Not a winch, but you still might want to read this thread... richg99

https://forum.tinboats.net/viewtopic.php?f=3&t=40179


----------



## jethro (Mar 28, 2016)

I see all these people with an electric windlass for an anchor, but on these small tin boats, I have to ask why? I just toss a small 20lb navy anchor out there.

Then again, I almost never anchor. If I'm fishing I'm moving. And if I'm not fishing I'm on shore.


----------



## richg99 (Mar 28, 2016)

I think that the OP's original issue was with having to move around in his small boat to deploy the anchor. As you said, if it is a small anchor, perhaps no winch is necessary.
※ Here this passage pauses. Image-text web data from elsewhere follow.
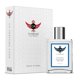 thumbnail image 1 of Perfume CA Impression of Light Blue For Her Eau de Parfum, 50 ml, 1 of 9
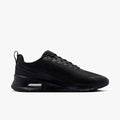 AIR MAX N / ngr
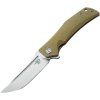 Bestech Knives Scimitar G10 Beige KG05C1
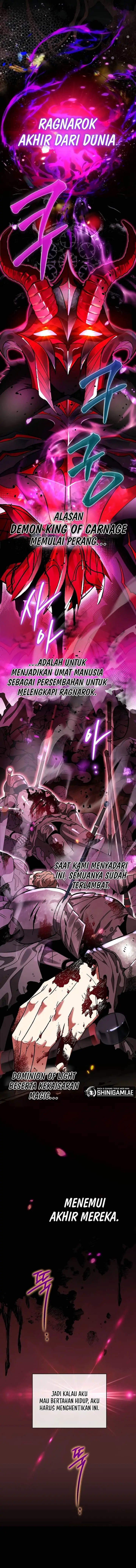 image-komik-i-became-the-genius-bastard-of-a-noble-dark-clan-chapter-1-11/16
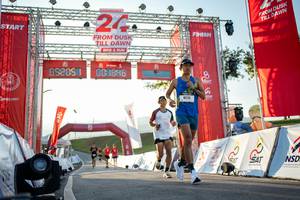 BIB: 
                            <button type="button" onclick="openModal(26175348)" class="btn btn-primary btn-sm float-right btn-popup" data-toggle="modal" data-target=".modal-high-quality">
                        <i class="fas fa-shopping-cart"></i> Add to Cart
                    </button>
                                            <button type="button" onclick="isThisMe(26175348, true)" class="btn btn-success btn-sm float-right btn-popup btn-isme hidden" data-toggle="tooltip" data-placement="bottom" title="นี่คือรูปของคุณใช่ไหม คลิกที่นี่เพื่อเอาเข้าอัลบั้ม">
                        <i class="fas fa-plus"></i> Add to album
                    </button>
                    <button type="button" onclick="isThisMe(26175348, false)" class="btn btn-warning btn-sm float-right btn-popup btn-isnotme hidden">
                        <i class="fas fa-ban"></i> Remove from album
                    </button>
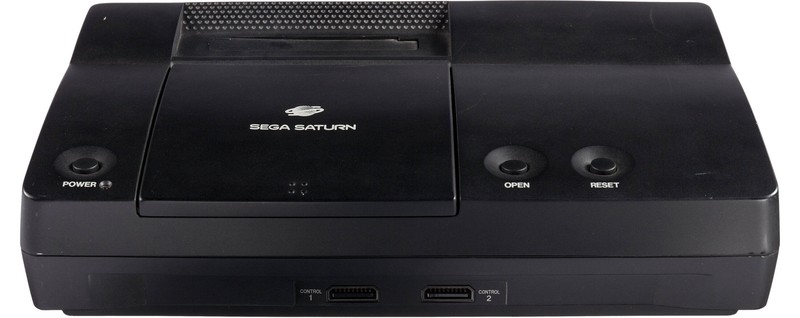 Die Idee der Sega Pluto war seiner Zeit weit voraus.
The thread that I posted the LINK to has an inexpensive device that allows one to hang their anchor over the bow or stern, and then release it without having to move in the boat. That might be enough to solve his problem.

You know, fishing sit-on-top kayaks almost all have an "anchor trolley". An "anchor trolley" is no more than two pulleys or rings; a circular line strung from bow to stern; and a larger ring through which the anchor line is fed. It allows the fisherman to deploy his anchor from right next to where he sits, and then, using the pulleys, move the anchor line feed to the bow, stern or even amidships. 

It can also be used with stickk-type anchors to help position the boat. I may add one onto my 1652 G3.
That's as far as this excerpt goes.